A summary of the CAZy annotations, in the form of counts per CAZy category, is therefore shown on the detail view of each MAG. (Note that, like all MAG annotations, these CAZy annotations refer to the MAG’s cluster representative genome – not necesarily the HoloFood-data-derived MAG itself.)
These annotations are also available via each genome’s API endpoint.
MAG containment within samples
To facilitate the linking of MAGs to other samples within the HoloFood dataset, the data portal also includes a list of “containments” for each MAG within all of the project’s metagenomic samples.

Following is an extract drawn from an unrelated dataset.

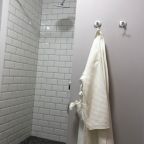 Одноместный (Улучшенный), Гостиница Новая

For each MAG, a sample list was found using Mastiff (a tool based on sourmash, Irber et al. 2022). Each sample in this list contains the MAG at some level, equivalent to the fraction of the MAG’s kmers that are present in the sample’s sequencing reads. The list can be filtered to find only the samples that contain the MAG above some minimum containment threshold.
These sample containment lists are also available via each genome’s API endpoint, as well as via the TSV export option above the table.
Together with the MAG’s CAZy annotations, this feature means the prevalence of carbohydrate-active enzymes can be compared at the genome level between samples originating from animals under different experimental conditions.